December 17, 2009 at 12:36 pm
We have a client with a long running query (on the order of 10 hours). The query JOIN's a bunch of tables as well as two views and I'm pretty sure that the culprit is the view referenced here; consequently, I tried a couple of simple queries just against the view. The results are unusual.
select *
FROM PM.vw_LastSelfPayPaymentActivity --where account_id = 107246
The query above returns roughly 100,000 rows in about six seconds. These are the IO Statistics:
(101816 row(s) affected)
Table 'Worktable'. Scan count 0, logical reads 0, physical reads 0, read-ahead reads 0, lob logical reads 0, lob physical reads 0, lob read-ahead reads 0.
Table 'Vouchers'. Scan count 2, logical reads 4648, physical reads 0, read-ahead reads 0, lob logical reads 0, lob physical reads 0, lob read-ahead reads 0.
Table 'Payments'. Scan count 1, logical reads 778744, physical reads 0, read-ahead reads 0, lob logical reads 0, lob physical reads 0, lob read-ahead reads 0.
Table 'Service_Payments'. Scan count 1, logical reads 34133, physical reads 0, read-ahead reads 0, lob logical reads 0, lob physical reads 0, lob read-ahead reads 0.
If I remove the comment and query the view with the WHERE clause it takes about 32 seconds to return one row.

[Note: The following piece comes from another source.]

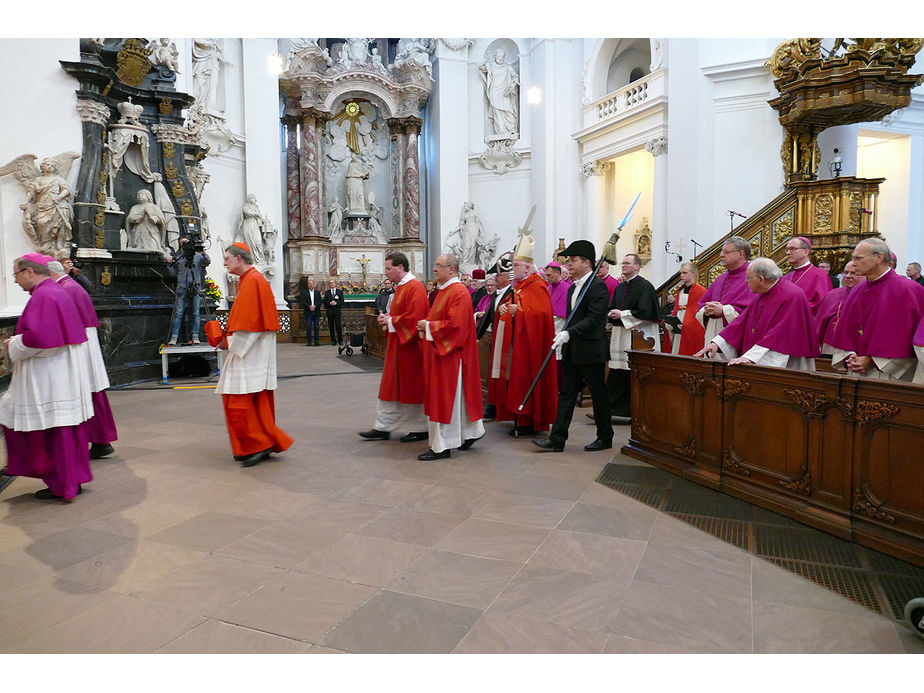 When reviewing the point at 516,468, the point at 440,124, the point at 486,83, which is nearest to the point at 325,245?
the point at 440,124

Here are the IO Statistics.
(1 row(s) affected)
Table 'Payments'. Scan count 4850299, logical reads 15925208, physical reads 0, read-ahead reads 0, lob logical reads 0, lob physical reads 0, lob read-ahead reads 0.

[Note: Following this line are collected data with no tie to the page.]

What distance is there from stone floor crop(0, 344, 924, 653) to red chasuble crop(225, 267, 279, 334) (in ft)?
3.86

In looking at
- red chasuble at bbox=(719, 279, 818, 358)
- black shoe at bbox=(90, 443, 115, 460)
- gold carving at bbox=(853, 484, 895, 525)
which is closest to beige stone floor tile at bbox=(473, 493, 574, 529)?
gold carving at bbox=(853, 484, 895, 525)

Table 'Vouchers'. Scan count 6, logical reads 10710, physical reads 0, read-ahead reads 0, lob logical reads 0, lob physical reads 0, lob read-ahead reads 0.
Table 'Service_Payments'. Scan count 5, logical reads 27, physical reads 0, read-ahead reads 0, lob logical reads 0, lob physical reads 0, lob read-ahead reads 0.
The query plan for the slow one says that it is performing a clustered index seek where the cost is 100%. The clustered index on the Payments table is actually on VoucherID not PaymentID although PaymentID is the Primary Key. The cost and the duration of the query seems pretty disproportionate for a clustered index seek.
I ran the same query on my test machine and the
I'd attach the query plans but I'm not quite sure how to do it on here. Should I use the img tags?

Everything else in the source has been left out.